Antagonise si apre all'ascoltatore con
Bloodline Forfeit canzone che si può legare eccellentemente a
Quarterpast, pesante, dai ritmi scanditi, dove le melodie e le tecniche vocali si alternano alla perfezione. Henning Basse dimostra e conferma di esser un cantante veramente dotato ed è supportato da una sezione ritmica che non perde un colpo. La successiva
Burn of Witches prosegue con le stesse caratteristiche della precedente (anche qui Basse compie un buonissimo lavoro assieme agli altri vocalist e alla sezione ritmica), il tocco in più è dato dall'orchestrazione più presente rispetto alla opening track e da una maggiore influenza progressive. Schiphorst si destreggia bene sia nella ritmica che negli assoli in entrambi i pezzi.
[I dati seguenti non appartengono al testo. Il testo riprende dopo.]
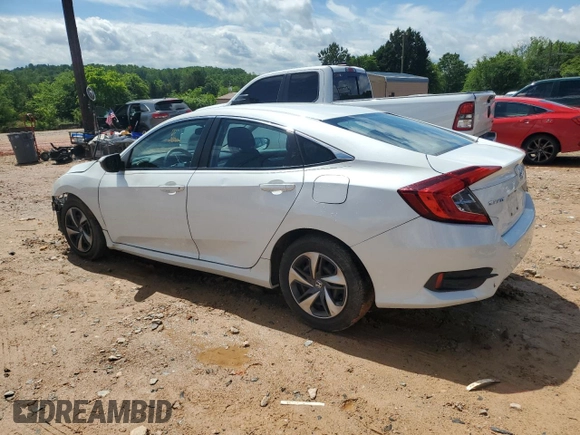 2020 Honda Civic LX z VIN 2HGFC2F64LH592299, wystawiony jako Copart lot #57040525 z przebiegiem 154 093 mil mil oraz Szkoda całkowita • Salvage title. Historia ofert i sprzedaży dostępna na DreamBid. Obrazek 2.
Redemption, la terza traccia dell'album, è ancor più orchestrata ed epica. Tutta la band esegue il pezzo in maniera eccellente, qui Jansen riesce a dare una delle prove migliori e si sente la voce femminile per la prima volta nel disco in alternanza al growl del frontman degli
Epica.
Paladins of Deceit prosegue la strada del death symphonic con elevati arrangiamenti e l'oramai distintiva alternanza di tecniche vocali con una sfumatura black che può portare alla mente anche i
Dimmu Borgir, il soprano ha un piccolo ruolo, nascosto e fondamentale alla buona riuscita della struttura del pezzo.
Lone Wolf, quinto pezzo, parte in maniera pesante intrecciandosi con una bella melodia di piano eseguita da Driessen e dalla sempre notabile voce di Basse; la traccia risulta una delle più cupe del disco, godibilissima. La successiva
Devil in Disguise si ben avvicina ad un misto symphonic black e un po' heavy/power (quest'ultimo regalato dalla straordinaria performance di Basse) con delle eccellenti orchestrazioni che danno sempre quel tono oscuro al disco. La sezione ritmica resta senza eccezione ad un livello altissimo, il basso Rob van der Loo è sempre presente, tutto grazie alla buonissima produzione. La seguente
Insano è un bel intermezzo di chitarra acustica e del soprano Laura Macrì (che esegue in italiano la canzone), è una sosta ristoratrice prima della pesantissima
Humane Sacrifice, sul piano extreme una delle migliori tracce. Pregevole il lavoro della Macrì anche in questa canzone, pure qui la sezione ritmica compie un gran lavoro.
Human Sacrifice non smette di stupire sino alla fine con delle buone parentesi prog. Si passa a
Enemies Of Freedom che alterna tutti i vocalist e continui cambi di ritmo, il testo è una chiara denuncia verso l'industria delle armi.
Capital Punishment si apre con un'orchestrazione per poi cedere il passo ad un pezzo death con delle godibili digressioni progressive finendo per sfumare con l'arrangiamento di Driessen.
Faceless Spies conclude l'album in maniera magniloquente ispirandosi al miglior death in senso storico condito in salsa epica.
Per finire si può sicuramente affermare che
Antagonise non è assolutamente un album scontato, consigliato agli amanti delle misture di genere e soprattutto all'orecchio paziente, non c'è soltanto la superficie musicale, anche qualcosa in più per riflettere sul nostro tempo.